Stimulus-Response-Reward/Punishment

Something happens.  That’s the stimulus.  Then you do something, that’s the response.  What you did either makes things better (Reward) or Worse (Punishment).

There are some rules and some warnings about how Operant Conditioning (OC) works. First of all, done properly, OC is a very fast method for learning simple things.  It is much harder and more difficult to condition a complex series of actions, and you cannot condition if the stimulus must be interpreted.

The stimulus should be unambiguous.  If you have to figure out that this stylized movement is supposed to be a punch, you have to think.  If you have to think, your neocortex is engaged and you are training, not conditioning. This isn’t a problem for many aspects of self-defense training.  A knife coming at your belly is not ambiguous.  Getting hit in the face is not nuanced.

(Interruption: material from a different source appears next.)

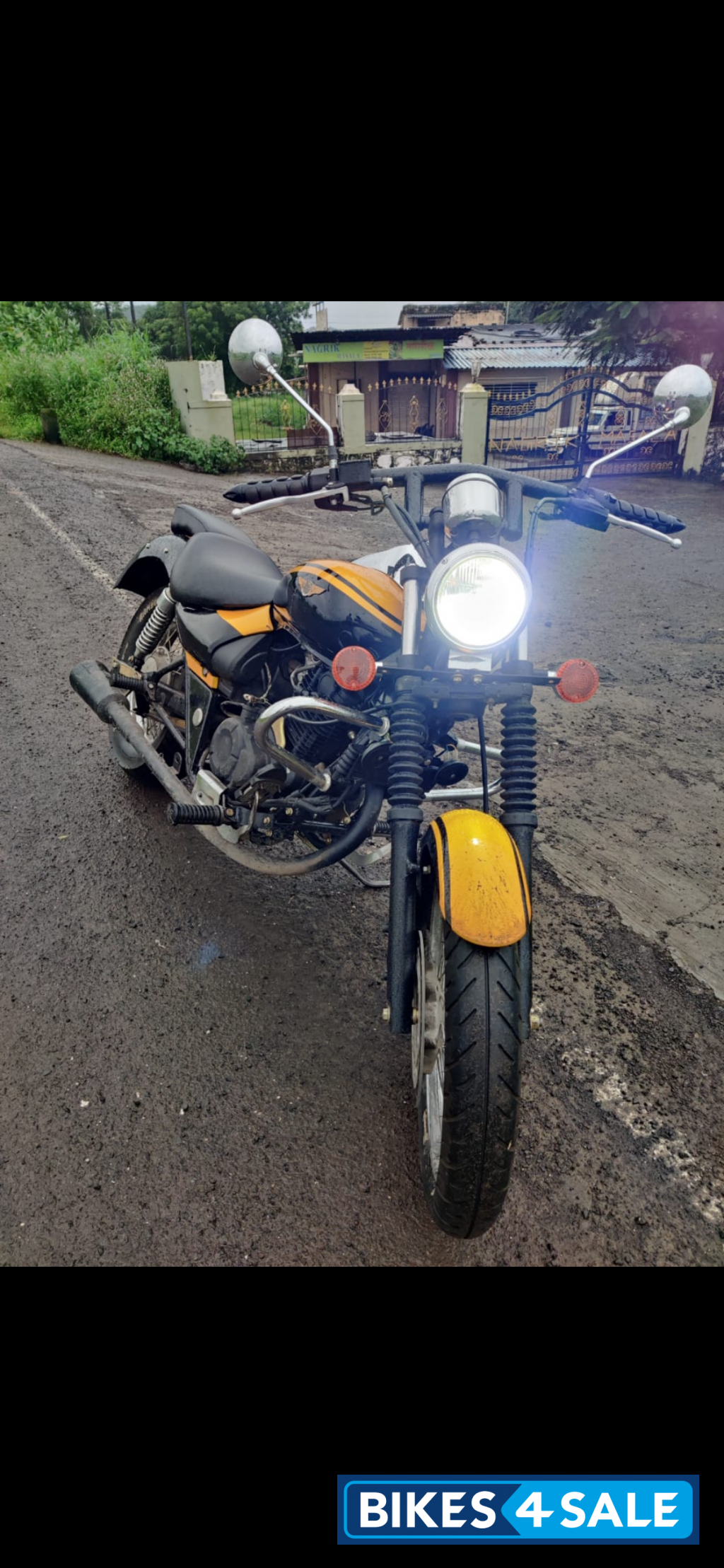 Bajaj Avenger 220 DTS-i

Do not over coach.  Correct and explain to the minimum.  One of the beauties of OC is that the world does your teaching and the student cannot argue with the world.  If you stay at it, you will get good at ukemi or breakfalls because all the wrong ways hurt.  One of the dangers is that if you coach, the student will start to think instead of respond and your conditioning will magically turn into training and fail under pressure.

There is also a psychological condition called ‘learned helplessness’.  If anything a student does is corrected, or anything any person does is punished they will do less of that response.  If, however, they are punished no matter what they do or corrected every time they act, the student is being conditioned that doing nothing is the best strategy.  Over-correcting your fighting students conditions them to be passive under stress.  That is the exact opposite of your goal.

Any response that is even a slight improvement should be rewarded.  That’s as simple as saying, “Nice one!”

Reward and punishment are very specific words in OC training.  As are the words ‘positive’ and ‘negative.’ Reward is anything that increases behavior.  It is almost always something that makes people feel good.  Reward is different for different people because we don’t all like the same things.  But even things as simple as a warm smile or saying, “Good job” are rewards.  And saying, “Good job but this is wrong, do it this way” is not only a punishment (all corrections are punishments) put sends a mixed signal and makes the deeper part of the student’s brain trust you less.

Positive and Negative are not value judgments but only indicate presence or absence. Reward and Punish are the value holders.

Positive Reward (PR): Something good happens. Puppy gets a treat.

Negative Reward (NR): Something bad DOESN’T happen. Puppy doesn’t get kicked.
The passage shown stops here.